Devant les difficultés à expliciter l'origine de la vie sur notre planète, l'hypothèse "alien" fit un retour en force. Certains utilisèrent leur autorité scientifique pour oser les hypothèses les plus folles, et c'est ainsi qu'en 1980 le prix Nobel F. Crick, co-découvreur avec T. Watson et R. Franklin de la structure de l'ADN, et L. Orgel avancèrent que la Terre et d'autres planètes avait été ensemencées volontairement par des intelligences extra-terrestres. Nous verrons que, sans aller aussi loin, l'hypothèse d'un ensemencement de la Terre par des micro-organismes ne peut être rejetée, ni même celle selon laquelle notre propre planète ait pu servir de "source de vie" non seulement pour le système solaire, mais peut être aussi pour une bonne part de la galaxie! Il est en effet de plus en plus probable que des bactéries puissent être arrachées à leur planète d'origine et demeurer vivantes des millions d'années avant d'atteindre d'autres corps célestes.

En 1990 L'inénarrable et regretté F. Hoyle, poil à gratter de l'astrophysique, soutint l'idée, qu'il développait depuis des années, selon laquelle non seulement des micro-organismes extraterrestres ont colonisé la Terre et y ont apporté la vie mais aussi selon laquelle cet apport exogène serait toujours actif, périodique, conférant ainsi une origine extraterrestre aux virus de la grippe ou du sida, et plus récemment du prion, agent causal de l'encéphalopathie spongiforme. Sans soutenir ces exagérations, fruits d'un isolement académique soigneusement entretenu autour des Pr Hoyle et Wickramasinghe (en toute justice, F. Hoyle par exemple aurait dû recevoir le prix Nobel pour ses travaux en astrophysique), force est de reconnaître que ces deux chercheurs ont dans le passé émis quelques idées très en avance sur leur temps, sur les molécules du milieu interstellaire par exemple, dont certaines qui furent confirmées par la suite. Nous verrons comment "faire le tri" entre ce qui est scientifiquement raisonnable et ce qui, pour être possible, reste assez improbable à ce jour.

Prendre en compte des apports extraterrestres de micro-organismes permettrait d'expliquer par exemple pourquoi plusieurs enzymes importantes du métabolisme ont besoin pour fonctionner d'un élément plutôt rare sur notre planète, le molybdène.

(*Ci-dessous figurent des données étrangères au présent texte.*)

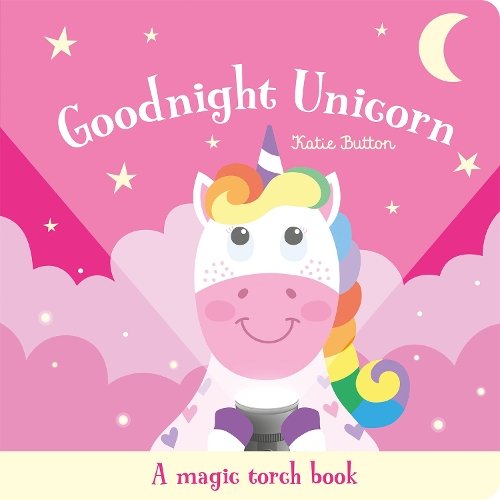 Goodnight Unicorn: A magic torch book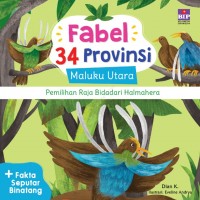 Fabel 34 Provinsi Maluku Utara : Pemilihan Raja Bidadari Halmahera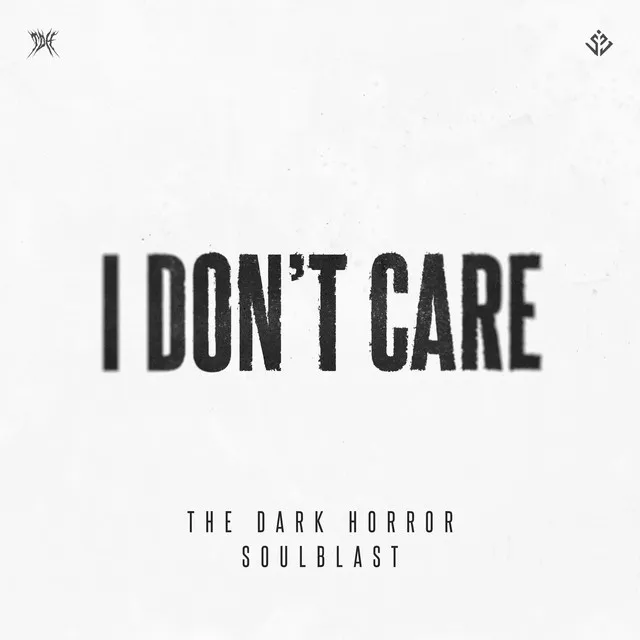 I DON'T CARE by The Dark Horror, Soulblast - Uptempo cover art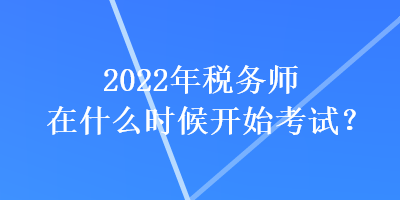 2022年稅務(wù)師在什么時(shí)候開始考試？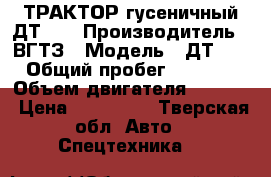 ТРАКТОР гусеничный ДТ-75 › Производитель ­ ВГТЗ › Модель ­ ДТ-75 › Общий пробег ­ 2 300 › Объем двигателя ­ 6 300 › Цена ­ 200 000 - Тверская обл. Авто » Спецтехника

Nous verrons cependant que ce problème est accessoire en comparaison d'autres que l'origine extraterrestre de la vie permet de résoudre.

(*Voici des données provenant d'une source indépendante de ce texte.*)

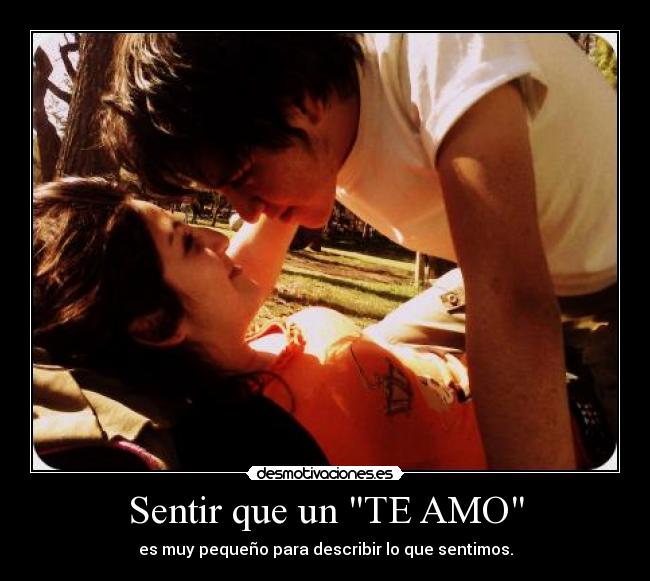 Sentir que un TE AMO -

A présent que nous avons passé en revue comment était organisé le milieu interstellaire, assisté à la formation du système solaire primitif, vu quels étaient les constituants et l'organisation générale des êtres vivants et quelles étaient les hypothèses se rapportant à leur apparition, nous sommes suffisamment armés pour essayer de proposer une vision synthétique qui, en utilisant les apports récents de l'astrophysique et de la microbiologie, va nous conduire à proposer une apparition générale et synchrone de la vie dans d'immenses régions de notre galaxie. Le fait qu'on ne puisse plus considérer la Terre comme étant une planète biologiquement isolée nous amènera à postuler l'existence d'une région isobiologique galactique, d'un réseau vital de taille astronomique au sein duquel les formes de vie, tout au moins microbiennes, sont similaires.